Borderlands 4 developer Gearbox has asked PC gamers to wait 15 minutes for shaders to compile in the background while playing after some said this week’s update had caused increased stuttering.
I honestly feel like it would be better if Steam would compile the shaders in the background after the download finishes and before it tells me that the game is ready to play. That seems like a thing they could totally do.
They could even precompile shaders for known setups (the Steam Deck, the last three generations of Nvidia and AMD, that sort of thing) and just add that to the download for people with those devices. It would improve the experience for a lot of people.
I mean, they do (for most games) on Linux. “Allow background processing of vulkan shaders” in Downloads.
The issue is that they can only do so much without support of the games themselves. My, very limited, understanding is they distribute “good enough” shaders with games and then the background processing is optimizing those for the user’s computer. But getting those “good enough” shaders is already a mess.
I honestly feel like it would be better if Steam would compile the shaders in the background after the download finishes and before it tells me that the game is ready to play. That seems like a thing they could totally do.
They could even precompile shaders for known setups (the Steam Deck, the last three generations of Nvidia and AMD, that sort of thing) and just add that to the download for people with those devices. It would improve the experience for a lot of people.
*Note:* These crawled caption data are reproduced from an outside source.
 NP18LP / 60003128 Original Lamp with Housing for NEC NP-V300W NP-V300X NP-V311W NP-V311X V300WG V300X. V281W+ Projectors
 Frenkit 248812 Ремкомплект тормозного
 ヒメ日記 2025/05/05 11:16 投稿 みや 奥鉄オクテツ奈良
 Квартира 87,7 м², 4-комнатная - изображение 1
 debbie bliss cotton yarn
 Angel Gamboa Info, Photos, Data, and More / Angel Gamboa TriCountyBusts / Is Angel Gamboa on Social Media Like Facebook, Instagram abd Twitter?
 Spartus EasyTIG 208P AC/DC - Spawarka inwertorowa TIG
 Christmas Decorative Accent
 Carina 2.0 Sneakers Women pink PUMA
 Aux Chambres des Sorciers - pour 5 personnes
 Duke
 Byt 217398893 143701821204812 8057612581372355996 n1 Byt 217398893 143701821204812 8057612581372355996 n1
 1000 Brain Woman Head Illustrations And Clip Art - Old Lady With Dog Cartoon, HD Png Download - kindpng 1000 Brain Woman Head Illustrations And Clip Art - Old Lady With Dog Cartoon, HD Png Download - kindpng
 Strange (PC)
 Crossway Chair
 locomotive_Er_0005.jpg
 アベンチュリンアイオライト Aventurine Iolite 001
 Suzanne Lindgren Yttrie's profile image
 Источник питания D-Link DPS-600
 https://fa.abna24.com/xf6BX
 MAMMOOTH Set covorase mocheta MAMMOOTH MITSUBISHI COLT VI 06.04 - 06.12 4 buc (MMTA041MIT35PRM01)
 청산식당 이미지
I mean, they do (for most games) on Linux. “Allow background processing of vulkan shaders” in Downloads.
The issue is that they can only do so much without support of the games themselves. My, very limited, understanding is they distribute “good enough” shaders with games and then the background processing is optimizing those for the user’s computer. But getting those “good enough” shaders is already a mess.
Thank you for that info! I do most of my PC gaming on a very underpowered Linux box. Gonna need to check that setting.
Turning the Stream shader feature of was the only way I could get Dune to run without a shader error crash. Good Enough is always problematic.